=== Task description ===
Output each line of the data below exactly, omitting any image.

*** Given information ***

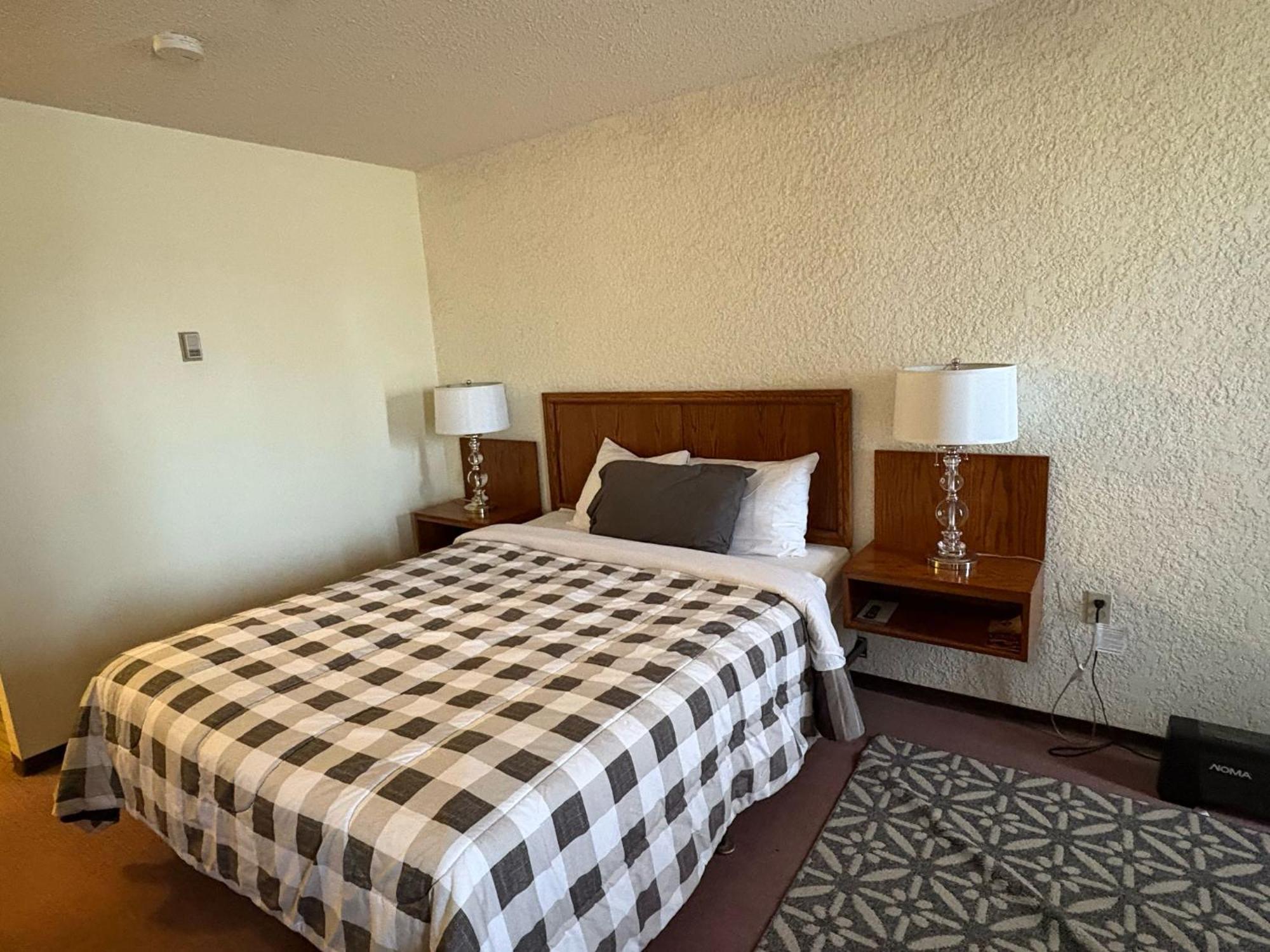 Maple Creek Motor Inn מראה חיצוני תמונה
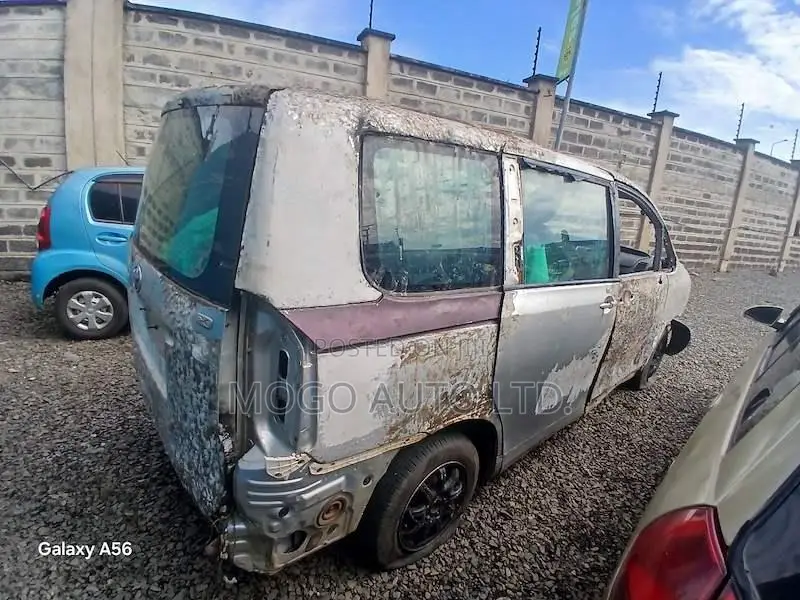 Toyota Noah 2008 Silver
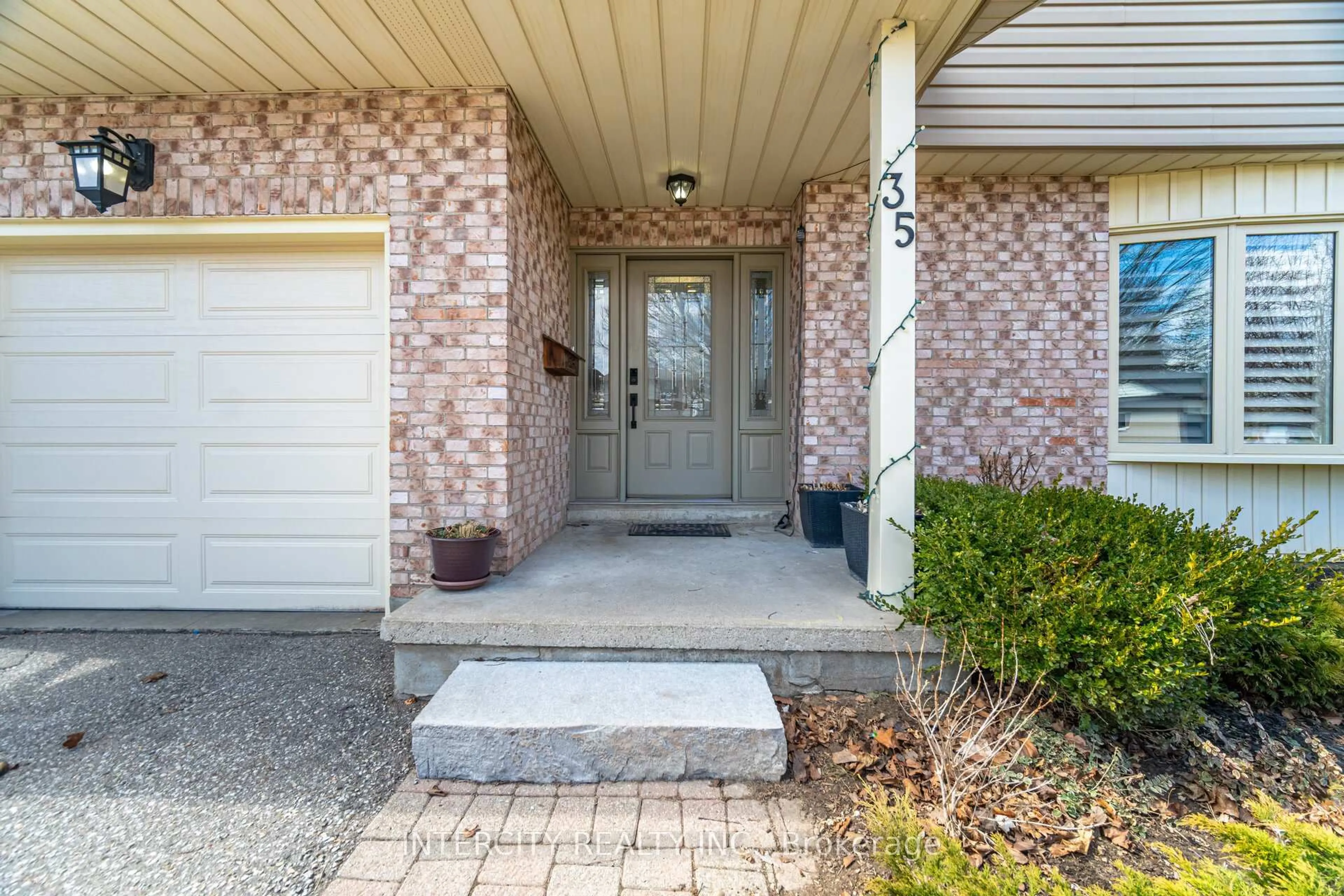 Indoor entryway for 35 Lower Canada Cres, Kitchener Ontario N2P 1E9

*** End of Given information ***

=== Answer space ===
 Maple Creek Motor Inn מראה חיצוני תמונה
 Toyota Noah 2008 Silver
 Indoor entryway for 35 Lower Canada Cres, Kitchener Ontario N2P 1E9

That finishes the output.